Design Philosophy
The Goal: Balance, not Dominance
There are excellent HTML-to-Markdown libraries in the Rust ecosystem — some prioritise raw speed, others maximise conversion fidelity. mdka is not trying to beat them on every axis.
Its aim is a practical balance:
Produce stable, readable Markdown from real-world HTML, with an easy API, without surprising the caller at runtime.
Speed and memory efficiency matter, and mdka is designed with both in mind. But they are means to an end, not the end itself.
Real-World HTML is Messy
Web content rarely arrives as clean, well-formed documents. In practice you encounter:
- HTML that a CMS generated and no human ever wrote
- SPA-rendered DOM fragments extracted from DevTools
- Scraped pages with ad slots, cookie banners, and navigation wrapped around the content
- Documents with 5,000 levels of nested
<div>elements - Missing closing tags, duplicate attributes, and unknown elements
mdka uses scraper, which is built on html5ever — the same parser used by the Servo browser engine. It applies the HTML5 parsing algorithm, meaning: unknown elements are handled gracefully, missing tags are inferred, and the result is always a well-formed DOM tree, regardless of the input quality.
No Stack Overflows
A common failure mode in tree-processing code is stack overflow on deeply
nested input. mdka uses an explicit Vec-based stack (non-recursive DFS)
for every tree traversal — both in the pre-processing pipeline and in the
Markdown conversion step. This means it handles any nesting depth that
fits in heap memory.
Configurable Pre-Processing
HTML from different sources needs different treatment. A page scraped from a news site has navigation, advertising, and footer content that a content extraction pipeline wants to remove. A document being archived for audit purposes should retain as much as possible.
The five conversion modes encode these intent differences as named, opinionated presets. They are applied in a pre-processing pass that filters the DOM before Markdown conversion runs — keeping the conversion logic itself simple and mode-agnostic.

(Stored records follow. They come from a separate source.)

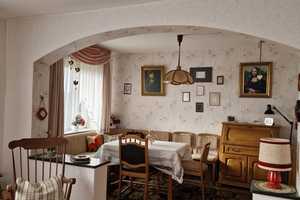 Bezugsfreies Zweifamilienhaus mit 3 Felsenkellern und Doppelgarage in Seybothenreuth – Bayreuth (Kreis) – Vorschaubild 11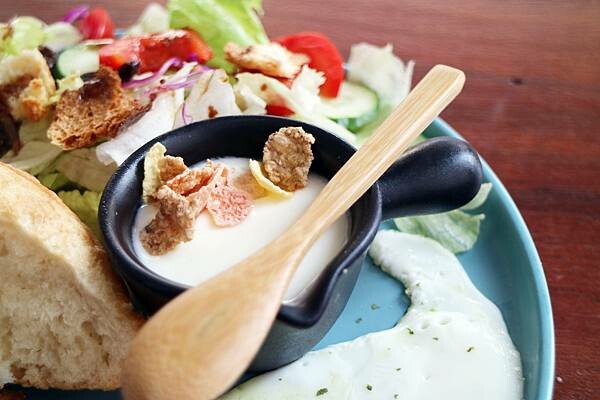 高雄市鼓山區凹子底餐廳推薦*【Humble Cafe 亨寶咖啡】用老屋、綠意點綴色彩,以豐富的食物搭配,是與姊妹聚餐的好選擇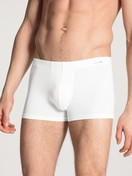 La modella / Il modello Uomo indossa Boxer brief in Cotone di colore Bianco, Tinta unita, della serie Evolution di CALIDA, Vista frontale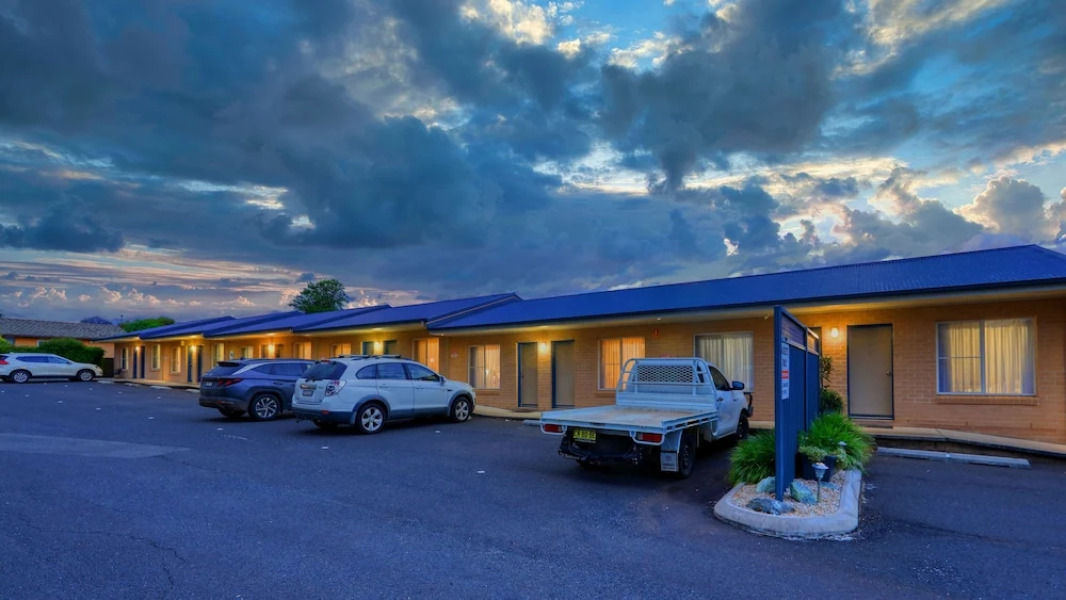 Edward Parry Motel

One Allocator, Minimal Copies
The conversion pipeline is designed to minimise heap allocations:
- Whitespace normalisation is done in a single pass, writing directly into
the output
String. - No regular expressions are used at runtime (avoiding compiled regex objects).
- The output
Stringis pre-allocated with a capacity estimate. - The
#[global_allocator]counter in the CLI and benchmarks measures this directly.